What I do is that I’ll have my rubric. The rubric typically has SAT — this year, it’s test optional and we’re completely redoing our rubric for this cycle — test scores, honors, GPA. Because we read so many California applicants, they have a certain pattern of coursework they have to follow, so it’s very technical. And the PIQ (personal insight questions) give me more context as to things like, “What are hardships you’ve gone through?” California is so diverse in our applicant pool; students have gone through everything. It’s good really humbling, honestly, to read some of these stories. It’s like, “Wow, I have it good compared to a lot of these students.” To pursue a bachelor’s degree on top of everything they’ve gone through is pretty impressive. So I definitely like reading for context. We get information on their school, so I get some sense of what the average income, average SAT, ACT is in their pool. So I’m not comparing a student who’s in a top 1% Bay Area high school versus another student from the middle of nowhere California. It’s a very different scheme in terms of what I’m looking for in an application. It’s not just like, “Oh, you have a bad SAT score, you get a one.” It really depends on what I feel in terms of the context where the student should lie. So although we have a rubric, it’s very context-heavy.

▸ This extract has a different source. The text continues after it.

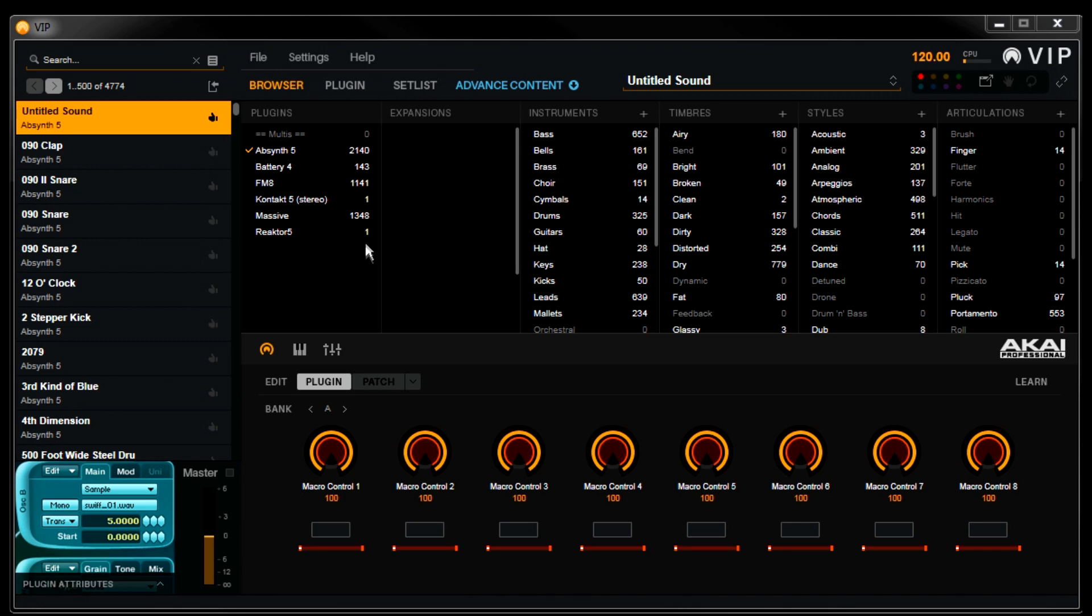Now you'll notice Contact and Reactor have only one preset here. Contact loads expansion sample libraries internally, and Reactor loads what are called ensembles internally. But VIP still has plugin maps for them. Here's how to load them.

Is this rubric you speak of one that students can access or confidential for admissions officers?
It is internal. We actually don’t release our rubric, even to students. But the criteria that’s listed online is what we grade for, so the things we’re looking for are available on the UC website and the application isn’t a surprise. Especially since I have the consulting background, I’ve seen the process of putting together an application and I’ve obviously done my own college process too. It’s pretty crazy to me how students get so caught up in the nitty gritty when, honestly, I spend less than five minutes on their application. I probably won’t notice if you spelled one word wrong, but if you spell twenty words wrong, it’ll stand out.
Are students focusing on the wrong thing when it comes to UC applications?
Students just get so caught up in test scores and GPAs being everything, and that’s just not true in the grand scheme of things. Even when I evaluate, I just give one score, and then it goes on. I don’t make a final decision; our directors make the final decision on who gets admitted from which population. We call it slicing and dicing. There’s a lot of data that gets pulled out, and then we will admit certain populations from each school. We create an equitable and diverse class. There’s a lot more number crunching that goes into the end decision. I feel it’s very straightforward.
You mentioned the scoring system. Can you tell us more about that?
1 is the best and 5 is the worst. The UC uses a consistent system, so all our campuses grade on that scale. Every app gets read twice. Every app goes through another reader, just so there is some consensus and there’s not just one person reading it completely wrong. Our system is really good in the sense that the computer itself will give the application a score based on the actual statistics of the student.
How does the computer’s score differ from the ones the admissions officers give?
So say I rated an application a 1 and then somebody else gives it a 4. The application gets flagged, and a third person reads it. We call that a third read.